In connection with the Transaction, we also acquired a shelf registration associated with the Discover Card Execution Note Trust (“DCENT”). On December 18, 2025, we defeased the outstanding DiscoverSeries Class A Notes issued by DCENT as part of the wind down of that issuance platform. As a result, that shelf registration statement is no longer active.
In addition to our issuance capacity under the shelf registration statements, we also have collateral pledged to support our access to FHLB advances, the Federal Reserve Discount Window, the Standing Repo Facility and FICC - GSD general collateral financing repurchase agreement service. For each of these programs, the ability to borrow utilizing these sources is dependent on meeting the respective membership requirements. Our borrowing capacity in each program is a function of the collateral the Bank has posted with each counterparty, including any respective haircuts applied to that collateral.
A s of December 31, 2025, we pledged loans and securities to the FHLB to secure a maximum borrowing capacity of $34.4 billion , of which $1.3 billion was used. Our FHLB membership is supported by our investment in FHLB stock of $89 million and $18 million as of December 31, 2025 and 2024 , respectively.

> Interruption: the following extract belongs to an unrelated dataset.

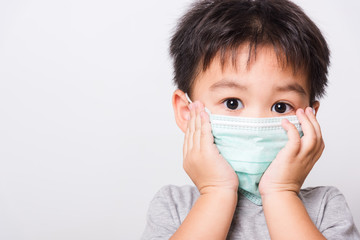 Closeup Asian face, Little children boy sick he using medicine healthcare mask
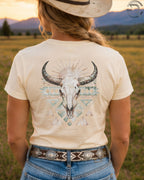 Cowgirl wearing boho bull skull western graphic tee in sunset country field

As of December 31, 2025, we pledged loans to secure a borrowing capacity of $53.3 billion under the Federal Reserve Discount Window. Our membership with the Federal Reserve is supported by our investment in Federal Reserve stock, which totaled $2.6 billion and $1.3 billion as of December 31, 2025 and 2024 , respectively.
As a member of FICC - GSD, we have $21.2 billion of readily available borrowing capacity secured by securities from our investment portfolio as of December 31, 2025. Our FICC - GSD membership is supported by our investment in Depository Trust and Clearing Corporation (“DTCC”) common stock of $488 thousand and $412 thousand as of December 31, 2025 and 2024 , respectively.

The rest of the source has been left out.